2.    the specialist coach: the expert, the “scientist”, has deep knowledge, but only about a limited or  about one specific  area.

Most coaches are somewhere in the middle between these two extremes. For myself I am strictly in the middle, trying to know everything in every field, so becoming an expert in every field related to performance. If it works?  I can’t tell, but feel free to ask my athletes or my students.

Once you are a generalist, it is quite easy to go more into depth in any of the fields, dependent on the need of the moment, and the time and the resources you have available, since you already have the basics.
Once you are a specialist, it is very difficult to step into a new or different field of expertise..

A biomechanics expert will have trouble to understand nutrition and the physical therapist will have trouble to deal with psychological issues. This is since they are missing even the basic understanding of these other fields or they forgot about their first year in school.

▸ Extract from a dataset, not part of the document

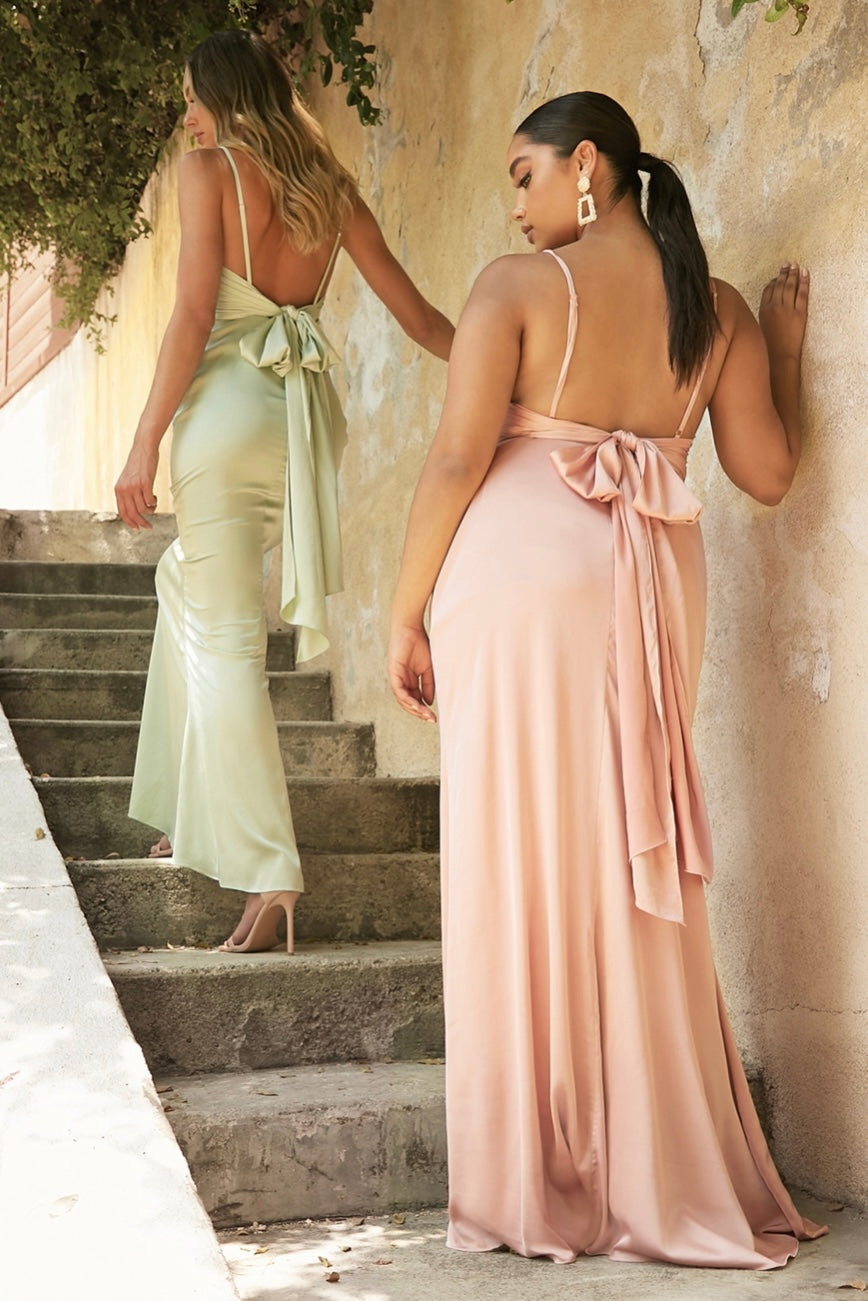 JADE SATIN GOWN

And here is an interesting observation, see if you recognize it. Working with extremely intelligent people (IQ> 160 having at least one or more Ph.D’s, their intellect becomes a limitation because they are so smart they think it is easy to jump into another field of expertise, because they are so smart. I have seen brilliant scientists fail to set up the most simple businesses.  Because there is more than knowing how to conduct business, the deep core of business is to understand or better, the needs of your customers and than being able to fulfil that, or at least create that perception.
Also brilliant scientists have been trying to coach athletes, and again, doomed to fail.

For myself, I know my limitations: science is too boring, I make a lousy politician, diplomacy is not my strong point, singing and dancing is not my cup of tea either, my driving skills are suboptimal so to speak, my writing skills you can enjoy at least once a week, and I type with two fingers only, so yes, otherwise I could have filled a post with all my limitations.
And that is one of the many advantages of getting older:  you get to know your limitations and learn how to deal with them.